Benefits of using installment & payment plans
Partial payments have many useful benefits for both retailers and their customers. With more payment options, customers have more buying power, which can boost sales.
Here are some of the reasons why retailers should consider using installment plans:
- Increases sales
- Enhances customer loyalty
- Attracts new customers
- Improves cash flow
If you’re ready to start offering payment plans, make sure you have a policy in place. Check out our ready-to-customize policy template that outlines the terms and conditions of your payment or installment plans. Designed to help you stay organized, transparent, and legally protected when offering partial payments directly to customers.
Increase sales
One of the top benefits of accepting partial payments is that it can help boost sales. Partial payments give buyers more flexibility to make regular payments for an expensive purchase, such as furniture or a new appliance.

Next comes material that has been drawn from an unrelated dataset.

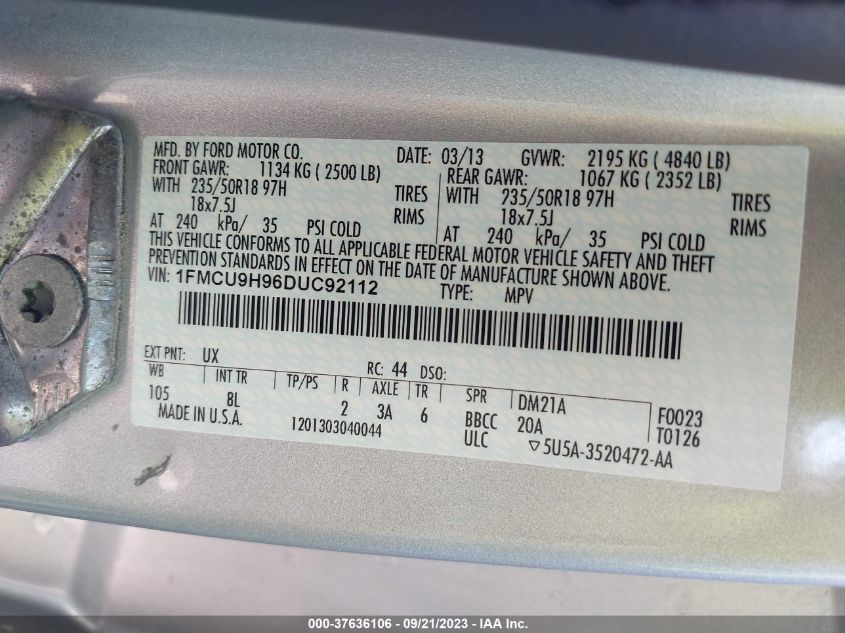 2013 FORD ESCAPE SEL - 1FMCU9H96DUC92112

When trying to close a sale on a costly item, the sticker price can make customers second-guess their purchase. By introducing your payment plans at the beginning of the sale, customers might be more inclined to follow through.
Enhance customer loyalty
When customers have more payment options, it can help increase the return rate. Knowing they have multiple payment options, including installment plans, customers may return for future purchases. This can help build brand and customer loyalty and give you a competitive advantage over other businesses that don’t offer those payment options.
Attract new customers
Depending on the items or services you sell, finding new customers can be challenging, especially when what you sell is expensive. Offering payment plans can make your products and services affordable to more customers. With a broader pool of customers, you can increase your revenue.
Improve cash flow
With payment plans, you can have a more stable and consistent cash flow, so your business can operate smoothly. Additionally, third-party vendors can help you manage cash flow and calculate key metrics, like your accounts receivable turnover ratio. Then, when you set up recurring payments, you can easily collect them to keep your cash flow in good standing.